— Supplied entries —
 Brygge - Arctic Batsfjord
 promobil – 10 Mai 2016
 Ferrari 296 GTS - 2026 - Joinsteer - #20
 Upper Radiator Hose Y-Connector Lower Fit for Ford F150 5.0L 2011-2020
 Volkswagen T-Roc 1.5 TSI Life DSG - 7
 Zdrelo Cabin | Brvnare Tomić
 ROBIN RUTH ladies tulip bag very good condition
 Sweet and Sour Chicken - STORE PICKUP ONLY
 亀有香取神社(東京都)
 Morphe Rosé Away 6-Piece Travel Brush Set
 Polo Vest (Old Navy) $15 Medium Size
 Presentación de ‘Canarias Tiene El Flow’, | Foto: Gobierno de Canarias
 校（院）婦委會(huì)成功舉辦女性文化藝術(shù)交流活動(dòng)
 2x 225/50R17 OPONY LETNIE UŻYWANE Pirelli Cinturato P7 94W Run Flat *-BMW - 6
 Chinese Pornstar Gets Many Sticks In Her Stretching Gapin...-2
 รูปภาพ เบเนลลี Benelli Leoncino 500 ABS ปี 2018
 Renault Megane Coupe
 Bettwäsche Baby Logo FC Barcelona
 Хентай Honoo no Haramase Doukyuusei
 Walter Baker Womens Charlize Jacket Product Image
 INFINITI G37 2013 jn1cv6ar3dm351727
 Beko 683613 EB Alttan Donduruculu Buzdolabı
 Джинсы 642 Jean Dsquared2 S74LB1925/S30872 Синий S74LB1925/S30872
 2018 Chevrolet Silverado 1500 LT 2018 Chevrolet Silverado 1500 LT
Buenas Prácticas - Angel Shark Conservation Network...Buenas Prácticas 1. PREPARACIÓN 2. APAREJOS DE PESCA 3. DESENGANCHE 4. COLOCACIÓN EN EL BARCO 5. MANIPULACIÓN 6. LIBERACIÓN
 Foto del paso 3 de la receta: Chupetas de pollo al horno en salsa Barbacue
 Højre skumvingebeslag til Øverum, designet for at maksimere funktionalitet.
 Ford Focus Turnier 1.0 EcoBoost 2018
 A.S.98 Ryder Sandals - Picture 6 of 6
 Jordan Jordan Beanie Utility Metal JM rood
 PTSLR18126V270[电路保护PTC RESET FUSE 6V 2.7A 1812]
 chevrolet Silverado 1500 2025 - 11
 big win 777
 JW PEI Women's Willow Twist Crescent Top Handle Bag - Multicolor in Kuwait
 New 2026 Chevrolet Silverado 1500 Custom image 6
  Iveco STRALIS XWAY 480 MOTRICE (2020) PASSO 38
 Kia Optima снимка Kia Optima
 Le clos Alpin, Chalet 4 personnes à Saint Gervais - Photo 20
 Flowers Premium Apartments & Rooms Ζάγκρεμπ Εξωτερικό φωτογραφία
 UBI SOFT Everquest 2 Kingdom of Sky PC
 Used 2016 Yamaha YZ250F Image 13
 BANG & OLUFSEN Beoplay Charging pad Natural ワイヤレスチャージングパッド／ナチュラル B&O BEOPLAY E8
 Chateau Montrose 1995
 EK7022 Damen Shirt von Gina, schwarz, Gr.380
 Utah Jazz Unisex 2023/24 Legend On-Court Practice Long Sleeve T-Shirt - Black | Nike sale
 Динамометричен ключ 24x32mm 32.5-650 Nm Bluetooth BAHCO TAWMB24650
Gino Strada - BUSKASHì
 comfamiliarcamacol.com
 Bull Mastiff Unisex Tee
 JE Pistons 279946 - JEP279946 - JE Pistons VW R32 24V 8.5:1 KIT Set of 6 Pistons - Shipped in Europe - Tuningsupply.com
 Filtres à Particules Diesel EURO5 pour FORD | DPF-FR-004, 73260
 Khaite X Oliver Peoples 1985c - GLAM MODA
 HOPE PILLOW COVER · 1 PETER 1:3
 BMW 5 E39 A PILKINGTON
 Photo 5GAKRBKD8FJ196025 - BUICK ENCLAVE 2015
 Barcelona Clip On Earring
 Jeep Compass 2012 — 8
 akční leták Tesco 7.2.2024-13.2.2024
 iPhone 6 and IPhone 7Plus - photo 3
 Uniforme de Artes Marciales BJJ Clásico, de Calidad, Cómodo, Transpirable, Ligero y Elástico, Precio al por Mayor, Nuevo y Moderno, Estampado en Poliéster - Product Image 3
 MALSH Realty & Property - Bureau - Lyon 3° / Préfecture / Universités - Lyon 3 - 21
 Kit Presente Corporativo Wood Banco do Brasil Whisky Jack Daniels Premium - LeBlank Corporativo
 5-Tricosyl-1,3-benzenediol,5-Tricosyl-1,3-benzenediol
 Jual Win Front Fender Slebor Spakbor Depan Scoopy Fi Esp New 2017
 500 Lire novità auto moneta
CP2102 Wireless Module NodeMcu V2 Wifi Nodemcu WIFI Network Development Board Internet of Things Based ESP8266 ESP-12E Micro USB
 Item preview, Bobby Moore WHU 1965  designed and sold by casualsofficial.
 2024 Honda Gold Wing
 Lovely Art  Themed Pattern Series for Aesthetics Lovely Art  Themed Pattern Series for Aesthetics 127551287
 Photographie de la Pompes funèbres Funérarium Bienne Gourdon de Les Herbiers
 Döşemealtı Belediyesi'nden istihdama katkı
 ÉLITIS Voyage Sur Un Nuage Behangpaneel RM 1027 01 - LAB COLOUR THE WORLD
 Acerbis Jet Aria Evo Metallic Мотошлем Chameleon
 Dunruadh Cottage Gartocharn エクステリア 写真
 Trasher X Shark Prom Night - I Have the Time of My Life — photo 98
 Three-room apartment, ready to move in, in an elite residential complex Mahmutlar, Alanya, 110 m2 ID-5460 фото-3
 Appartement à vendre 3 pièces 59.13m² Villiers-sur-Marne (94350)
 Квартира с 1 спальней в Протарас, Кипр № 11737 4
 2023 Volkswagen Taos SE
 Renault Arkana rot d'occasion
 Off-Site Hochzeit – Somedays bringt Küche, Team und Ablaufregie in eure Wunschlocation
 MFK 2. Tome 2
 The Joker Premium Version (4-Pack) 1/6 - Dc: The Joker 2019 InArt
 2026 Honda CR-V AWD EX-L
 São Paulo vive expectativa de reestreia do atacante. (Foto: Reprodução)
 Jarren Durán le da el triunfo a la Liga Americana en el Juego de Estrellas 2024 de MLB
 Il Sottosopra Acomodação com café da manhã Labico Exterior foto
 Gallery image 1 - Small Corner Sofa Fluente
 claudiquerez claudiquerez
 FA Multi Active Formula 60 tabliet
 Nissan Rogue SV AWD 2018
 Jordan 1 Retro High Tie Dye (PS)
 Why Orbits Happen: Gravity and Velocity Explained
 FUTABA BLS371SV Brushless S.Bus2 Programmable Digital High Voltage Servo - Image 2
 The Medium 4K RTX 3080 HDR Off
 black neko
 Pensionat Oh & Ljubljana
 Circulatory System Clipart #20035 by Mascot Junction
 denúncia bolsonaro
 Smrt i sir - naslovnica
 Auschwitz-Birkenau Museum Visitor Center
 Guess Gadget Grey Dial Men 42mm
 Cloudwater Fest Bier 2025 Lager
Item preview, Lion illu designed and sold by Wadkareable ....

— Required action —
Which lines of the records above hold the word "Item"? Copy each of them.

— Reply to the task —
 Item preview, Bobby Moore WHU 1965  designed and sold by casualsofficial.
Item preview, Lion illu designed and sold by Wadkareable ....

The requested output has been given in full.